Corruption Perception Index 2010 released: Georgia ranks 68th - საერთაშორისო გამჭვირვალობა - საქართველო

Corruption Perception Index 2010 released: Georgia ranks 68th

26 October, 2010
Georgia ranks 68th out of 178 countries in Transparency International’s Corruption Perceptions Index (CPI) 2010, a measure of domestic, public sector corruption released on October 26, 2010. Georgia’s score is 3.8 on a scale from 10 (very clean) to 0 (highly corrupt). In the CPI 2009, Georgia came in 66th, with a score of 4.1. However, the decline in Georgia’s score compared to 2009 is not substantial.

"Georgia’s score shows that corruption has not been eradicated and continues to be an issue that needs to be addressed", says Mathias Huter, acting director of TI Georgia.

Areas of concern in Georgia remain the urgent need for judicial reform, protection of property rights, a lack of transparency in public spending (including the Reserve Funds for the President, the Mayor of Tbilisi and the Government), grand corruption among top-level officials, opaque media ownership and financing, as well as a general low level of civil society involvement in the planning and execution of public policy.

"On the positive side, we at TI Georgia are hopeful that the electronic procurement system to be introduced in December will address a number of problems and improve transparency of state contracts”, says Huter. "We also welcome that in a few cases, investigations into corruption have been launched against high-level public officials."

The CPI shows that Georgia has lower levels of perceived corruption than its neighbors, with the exception of Turkey (56th, with a score of 4.4): Armenia ranks 123rd with a score of 2.6, Azerbaijan ranks 134th (2.4) and Russia is 154th (2.1) in the global ranking.

The countries scoring highest in this year’s ranking are Denmark, New Zealand and Singapore (with a score of 9.3), Finland and Sweden (9.2), followed by Canada (8.9), the Netherlands (8.8), Australia, Switzerland (both 8.7) and Norway (8.6).
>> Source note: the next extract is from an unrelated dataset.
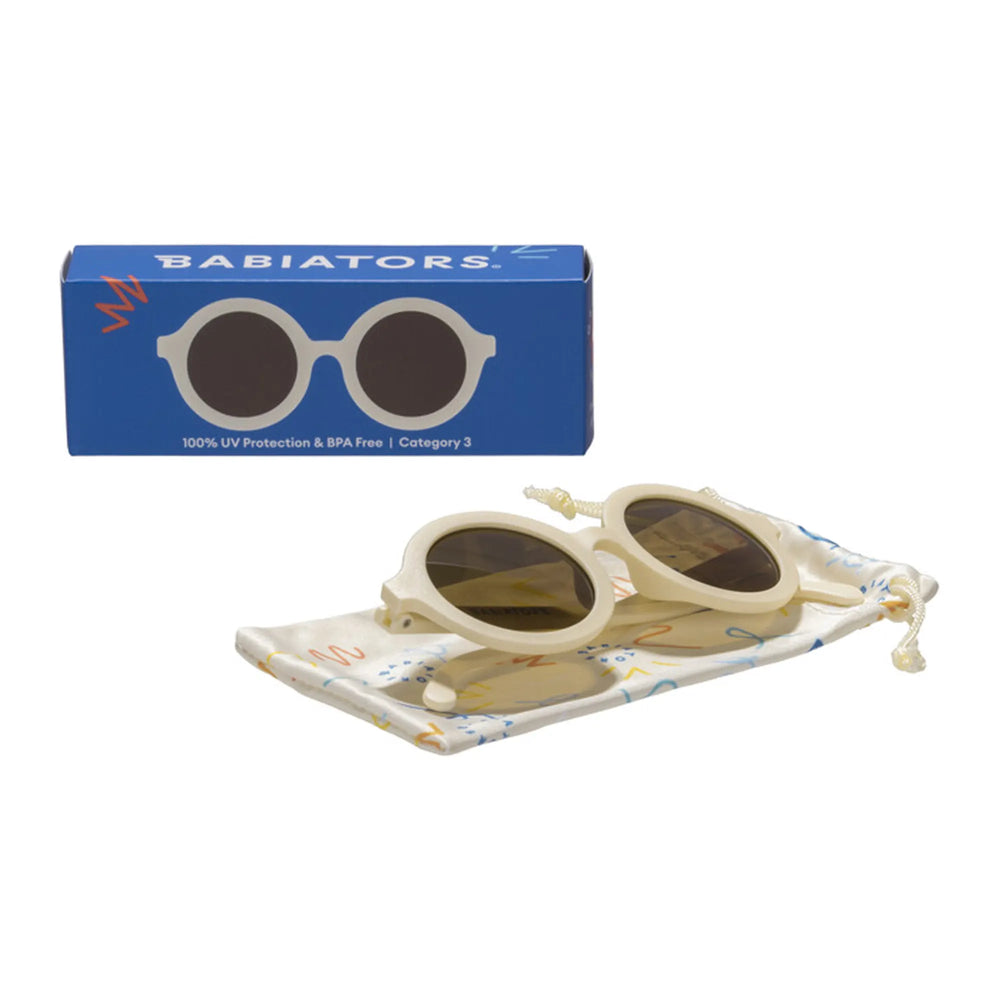 بابيتورز نظارات شمسية دائرية 3-5 سنوات - كريمي حلو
At the bottom of the ranking is Somalia, with a score of 1.1, slightly trailing below Myanmar and Afghanistan (1.4), followed by Iraq (1.5).

The CPI is compiled and released by Transparency International’s Head Office in Berlin and is based on surveys conducted by international organizations and consultancy firms. Due to changes in the CPI’s methodology over time and the fact that the index is based on a changing set of source surveys, the CPI is not an appropriate tool for comparisons of a country’s performance over time but provides a good snapshot of perceived corruption throughout the world.